# New Scape in the discus tank.



## krazypara3165 (3 Feb 2013)

howdy all! after getting my tank in november and being a novice at the planted tank i went out and bought lots of plants and threw them in. shortly after i threw a lot of discus in there too! over the months i have got to learn about co2, scaping, and ferts so today i decided to rescape the tank! the main reason was that my previous layout caused problems with beefheart getting caught in the substrate, and the carpet at the front got so dense it restricted flow and i had a lot of plants that disintegrated due to it. it also gives more space for the discus to swim around and more space for them to eat.

Before (unorganised mess!)






right hand side of tank




left hand side......




New layout

I wanted to use two peices of wood for the centerpieces like two islands. the larger plants are to the back of them with the smaller plants towards the front. 





and one to see the raised substrate





left hand side





and finally right hand side





i promise ill get out the slr out soon to take some better pics!

Conclusion:
I've realised that less is more and im already enjoying the scape, its easier to see the discus and its easier to feed and clean up the unfed food. the plants that were struggling in the previous scape have gone as have a few that were covered in algae. my girlfriend has also stated it looks loads better which is a first! however i still think i have too many species of plants in there but i will see how it goes.

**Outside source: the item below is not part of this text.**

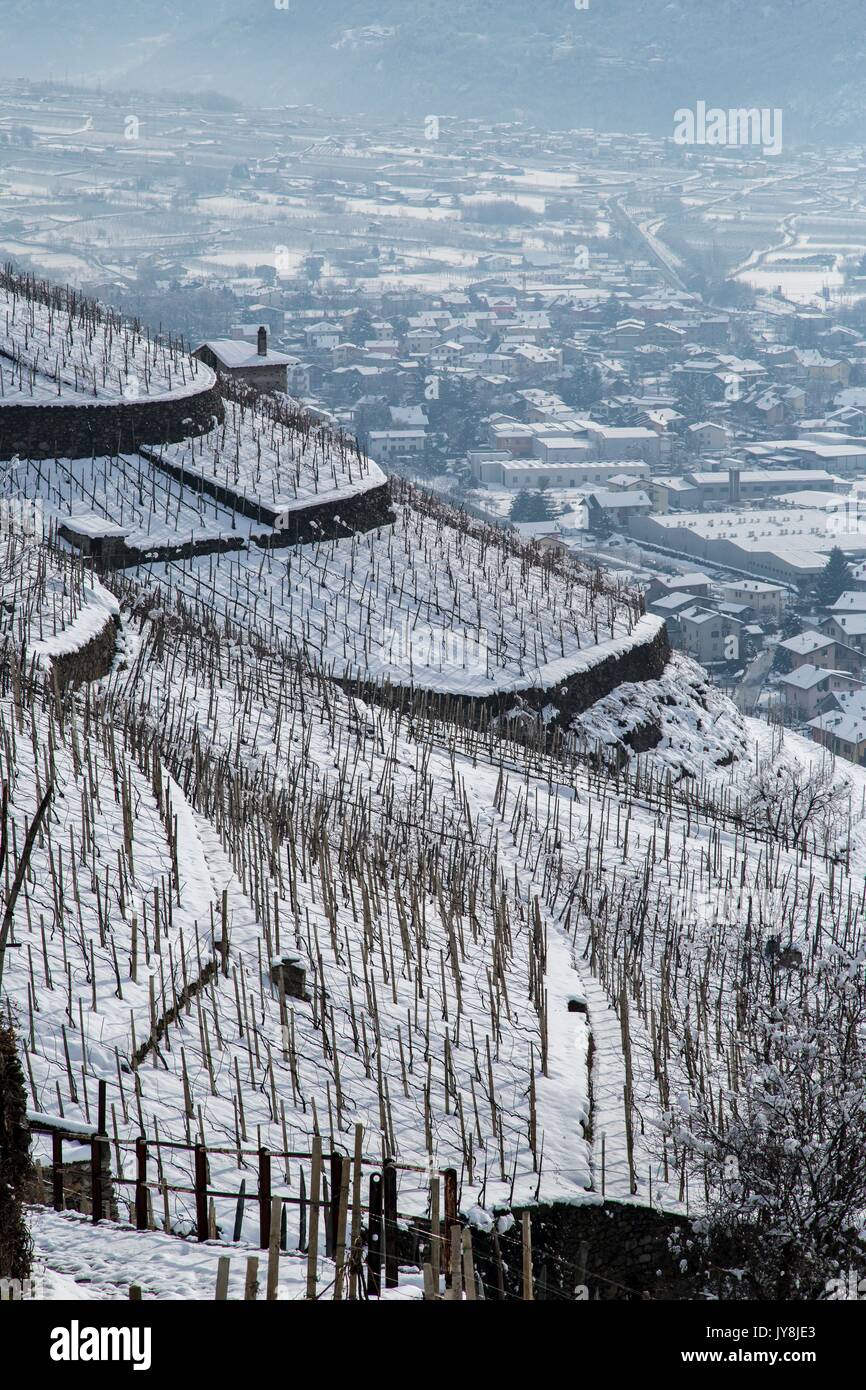 Blick auf die Weinberge im Veltlin im Winter. Valtellina, Lombardei, Italien Europa Stockfoto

any feedback/ constructive criticism would be appreciated!

cheers, craig.


----------



## Bufo Bill (16 Feb 2013)

Like it very much, it has a great sense of depth.

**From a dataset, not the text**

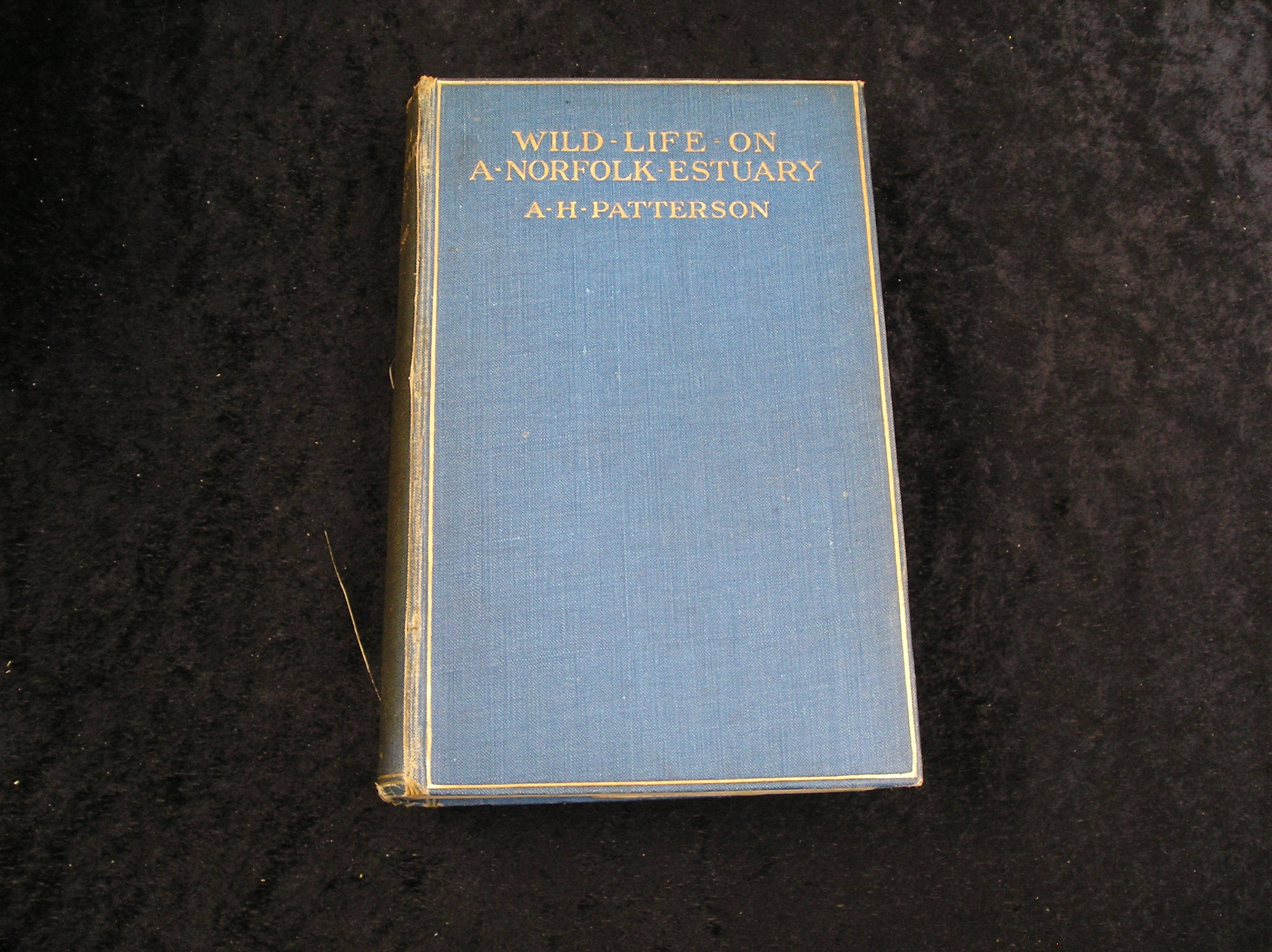 Image 0 of Wild Life on a Norfolk Esturay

However that's quite a lot of bare foreground. . . perhaps a second colour of substrate could be used to create a path effect, just to give a little more interest to such a large area of the 'scape? 
Just a thought really, as it's impressive as is.

All the best from Bill. 


Sent from my iPod touch using Tapatalk


----------



## krazypara3165 (16 Feb 2013)

Cheers! I'd never actually thought of using another substrate. Maybe a path through the middle? But with using sand how would i keep it seperate?


----------



## Lindy (1 Mar 2013)

I much prefer this layout to the last. It felt like the wood at the right had been jammed up against the glass in the last one.


----------